Existe-t-il des différences entre Istanbul européen et asiatique ? Bien qu’il s’agisse de la même ville, le détroit du Bosphore sert de frontière entre les deux côtés, et pas seulement de type géographique : l’ambiance et les attraits sont différents, intéressants de différents points de vue. Nous en parlons dans les lignes suivantes et vous pourrez le confirmer (ou non) lors de votre voyage avec nous, car nous pouvons concevoir un programme sur mesure.
Deux histoires distinctes
Tout d’abord, il convient de rappeler que l’évolution de la ville n’est pas la même dans la partie européenne et dans la partie asiatique. On peut dire que le noyau fondateur et la base historique de la ville se trouvent du côté européen. Ici, plus précisément dans la péninsule antique, se trouvaient la grecque Byzance et la romaine et byzantine Constantinople, ainsi que des colonies de commerçants étrangers comme celle des Génois dans le quartier de Beyoglu.
En revanche, la rive asiatique de l’actuelle Istanbul a connu un autre développement, avec deux enclaves distinctes : Chrysopolis, de fondation grecque antérieure à Byzance, et Chalcédoine. La première correspond à l’actuel quartier d’Uskudar, et la seconde, à celui de Kadikoy, toutes deux conquises par les Ottomans avant la chute finale de Constantinople (1453).
Les principaux monuments, du côté européen
L’une des différences entre Istanbul européen et Istanbul asiatique est que le premier abrite les principaux monuments et, par conséquent, les attractions touristiques. C’est le cas de la place Sultanahmet, de la mosquée Sainte-Sophie, de la mosquée Bleue ou du bazar aux épices. Et de l’autre côté de la Corne d’Or (également du côté européen), la Tour de Galata ou la zone d’İstiklal Caddesi. De plus, les grands musées de la ville se trouvent également ici, comme les musées archéologiques ou l’Istanbul Modern.
Cela ne veut pas dire que le côté asiatique est dépourvu de monuments.
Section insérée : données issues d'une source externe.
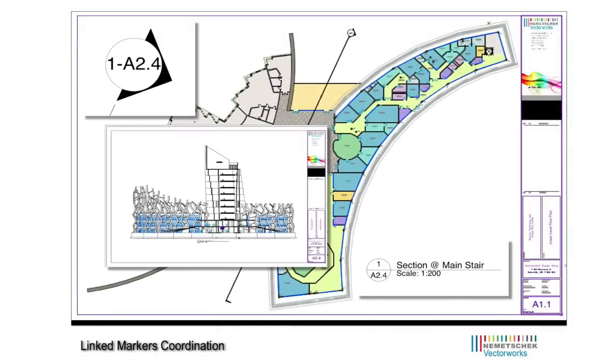The addition of automatic drawing coordination in Vectorworks 2010 provides you with an efficient, coordinated workflow that will make you more productive and your design documents more accurate.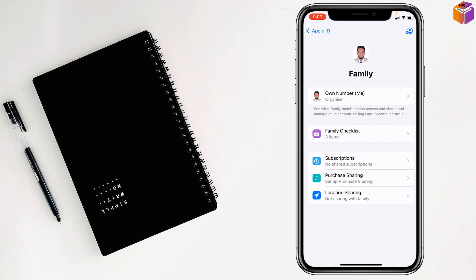After that, at the top right corner there is a plus sign and a human icon. Just tap on it.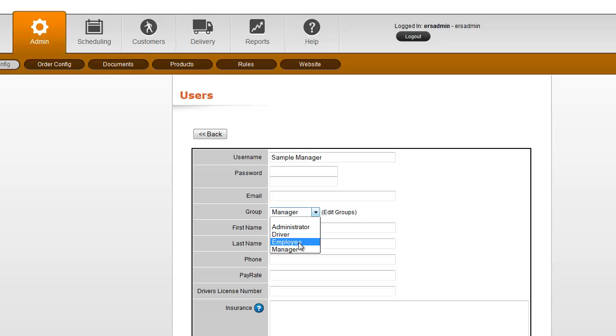Employees can take orders, but depending on how you want your employees set up, they may have limited or no access to the reports, so all the financials are hidden. Then drivers have no access to the order taking or the financial information.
En fait, son attrait réside dans le fait qu’ils sont moins visités par les touristes, mais la beauté de ceux-ci est comparable dans de nombreux cas, comme la mosquée de Semsi Ahmed Pasa.
Vie populaire et moderne, du côté asiatique
Bien que le côté européen d’Istanbul possède des icônes de la ville moderne, comme le port de croisière Galataport, on peut dire que le pouls de la vie quotidienne est plus populaire du côté asiatique, avec des marchés où les touristes sont clairement minoritaires, comme le marché alimentaire de Kadikoy. De plus, en raison d’une plus grande disponibilité de terrains, d’autres projets emblématiques de l’Istanbul moderne ont été entrepris du côté asiatique, comme la tour de communications Çamlıca, dont les lignes ondulantes sont visibles depuis de nombreux points de la ville et constituent l’équivalent avant-gardiste de la tour médiévale de Galata.
Le voyage entre les deux côtés, un autre attrait
Malgré ces différences entre Istanbul européen et Istanbul asiatique, il est difficile de choisir l’un ou l’autre. En fait, il vaut la peine de connaître les deux. Et si vous optez pour cette idée, vous verrez que le voyage entre les deux rives est tout aussi intéressant, surtout si vous décidez de le faire par le biais d’une croisière sur le Bosphore, qui offre des vues uniques des deux parties. De plus, dans les eaux du Bosphore se trouve un autre point d’intérêt : celui de la tour de Léandre, plus proche de la rive asiatique, mais uniquement accessible en bateau.
Comme vous pouvez le constater, tant le côté européen que le côté asiatique ont beaucoup à offrir. Dans les forfaits de courte durée, le programme se concentre sur les attraits de l’Istanbul européen, car c’est la zone la plus monumentale. Mais si vous avez suffisamment de temps, vous pouvez réserver une partie de votre temps pour visiter les lieux les plus surprenants du côté asiatique, qui ne vous laissera pas indifférent.